Un geniale inventore, certo, ma anche imprenditore, politico, uomo di pace, amico di D'Annunzio, amato dalle donne e padre di famiglia. Tutto questo era Guglielmo Marconi (Bologna, 25 aprile 1874 - Roma, 20 luglio 1937), il padre della Radio e del wireless, ma anche il giovane curioso e visionario. Nel 150/o della nascita a raccontarlo è la mostra Guglielmo Marconi. Vedere l'invisibile, promossa dal Ministero della Cultura e organizzata da Cinecittà e Archivio Luce, con il patrocinio e il contributo del Comitato Nazionale Marconi 150 e la collaborazione della Fondazione Guglielmo Marconi, in programma dall'8 novembre al 25 aprile 2025 nel complesso del Vive - Vittoriano e Palazzo Venezia.
"Una mostra non semplice - racconta la sottosegretaria alla Cultura, Lucia Borgonzoni - perché Marconi a lungo è stato un po' dimenticato, soprattutto in Italia. Siamo pieni di strade, piazze e aeroporti a lui intitolati, ma non tutti sanno chi fosse e cosa ha fatto. Da anni ritengo che questa figura andasse restituita anche al nostro Paese. Marconi - spiega - non solo immaginò le onde hertziane, ma depositò 60 brevetti, il primo da giovanissimo. Veniva da una famiglia di imprenditori del whiskey, fece cose inimmaginabili. Riuscì a vedere 'oltre'. È stato l'uomo senza il quale oggi non esisterebbe nulla". La mostra, divisa in otto sezioni, dalla gioventù alla conquista transatlantica, ne mette in luce il profilo di startupper e quello di uomo di Stato, senza tralasciare il suo legame con il mare né la straordinaria eredità. In tutto, racconta la presidente di Cinecittà Luce, Chiara Sbarigia, "sono centinaia di documenti, foto, reperti, filmati, con ben 34 enti prestatori" (tra i quali anche la Bodleian Libraries di Oxford, il Maeci, il Museo Storico della Comunicazione di Roma, l'Accademia dei Lincei, la Marina Militare, l'Esercito Italiano e l'Aeronautica Militare) e anche, aggiunge il nipote Guglielmo Marconi, "alcuni beni personali suoi e di nonna Maria Cristina". L'invito è "a vedere Marconi come figura storica, immersa nella storia - spiega la presidente della Fondazione Marconi e del Comitato per il 150/o, Giulia Fortunato -. La sua soffitta a Villa Griffone è antesignana del garage della Silicon Valley, Nel 1895 lanciò il primo segnale wireless e nel 1909 vinse il Nobel, lo stesso anno del Manifesto Futurista: sono tante le storie che si intrecciano". "Non a caso Steve Jobs disse: 'lui è le radici, noi siamo i rami'", aggiunge Padre Paolo Benanti, presidente della Commissione sull'IA per l'informazione della presidenza del Consiglio, ricordando l'invenzione del "radiofaro, con cui nell'invisibile si poteva vedere la rotta sicura".
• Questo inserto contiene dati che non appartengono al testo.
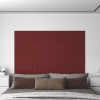 Paneles de pared 12 uds tela rojo tinto 60x30 cm 2,16 m²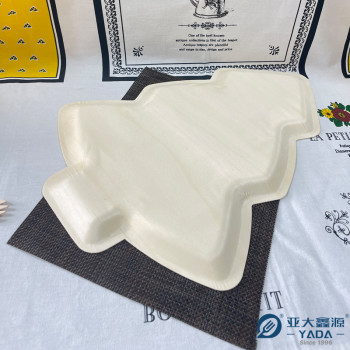 Disposable Christmas Tree Shaped Wooden Plates Wholesale | Poplar Wood Christmas Tree Tray for Sale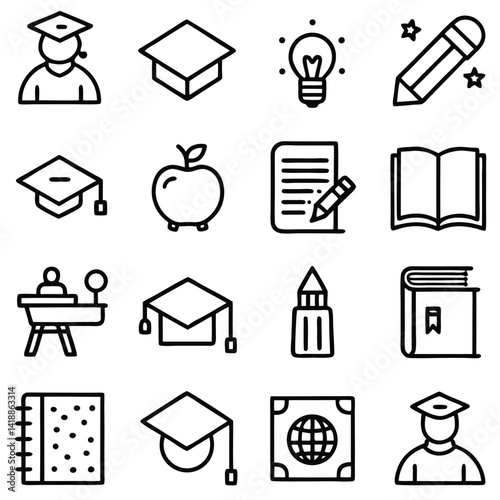 Education Icons Set Graduation, Learning, Knowledge, and Books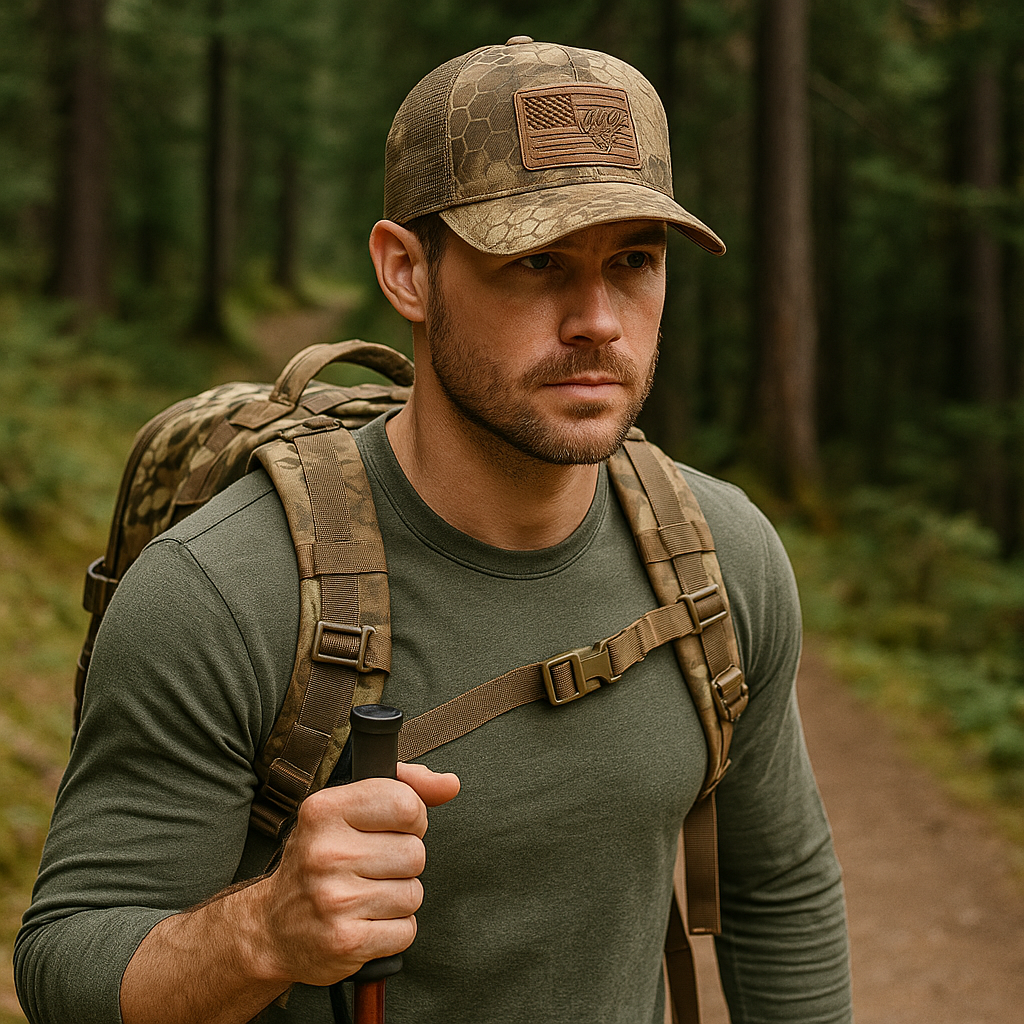 Tactical American Flag Patch Camo Trucker Hat with Mesh Back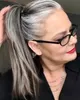 Long Straight Ponytail Extension salt n pepper grey hair piece Wrap Around gray Hairs Extensions Clip in ponytails Hairpiece for Women 120g 140g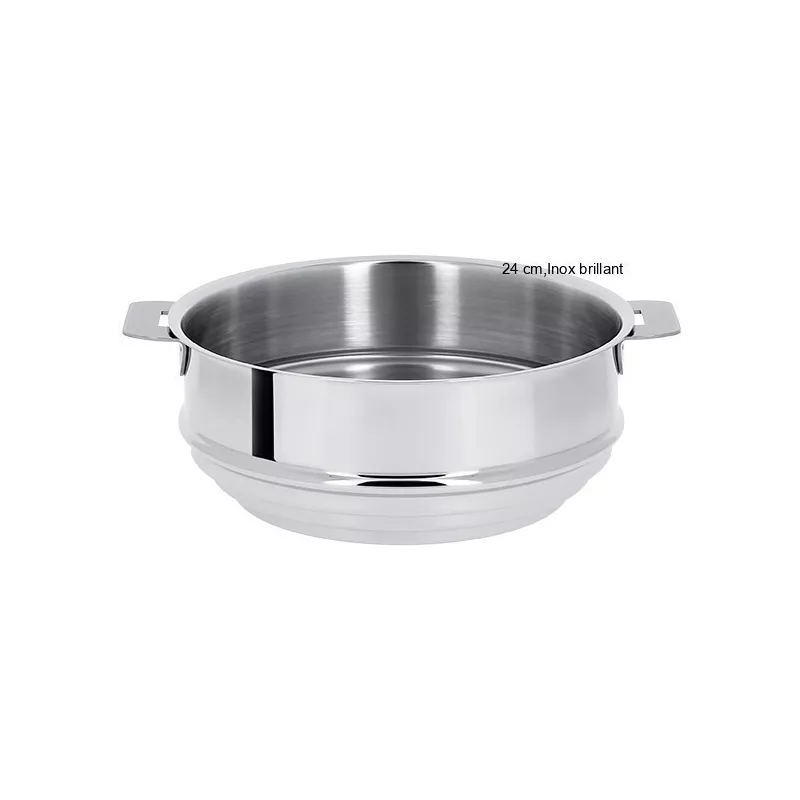 Cuit Vapeur Universel Amovible Diamètre:24 cm Finition:Inox brillant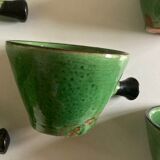 Set of 5 cups in green glazed clay Dieulefit 1960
La mostra, dove il 7 novembre andrà anche la figlia Elettra Marconi, "è la giusta celebrazione di un genio italiano, non solo per aver rivoluzionato il mondo, ma anche per aver unito creatività italiana e impresa". Ma Marconi ha forse ha pagato negli anni i suoi legami con il fascismo? "Sicuramente è vero che gli imprenditori sono filogovernativi e Marconi non poteva non esserlo dopo che nel 1914 lascò l'Inghilterra tornando in Italia - risponde lo storico Giovanni Paoloni - Ma era anche al vertice dell'organizzazione culturale del fascismo. Riuscì a convincere Mussolini che solo lui avrebbe potuto garantire le tecnologie di cui l'Italia necessitava. Alla sua morte, il Fascismo lo salutò con un imponente funerale di Stato, chiedendo ai comuni di intitolargli strade e piazze e creando subito la Fondazione. Insieme a Dino Grandi, Marconi era però uno degli esponenti del regime che si opponevano all'Alleanza con la Germania ed era l'unico che poteva dire a Mussolini ciò che pensava. Diciamo che l'Italia non ha dimenticato Marconi, ha rimosso una parte della sua storia legata all'Accademia d'Italia".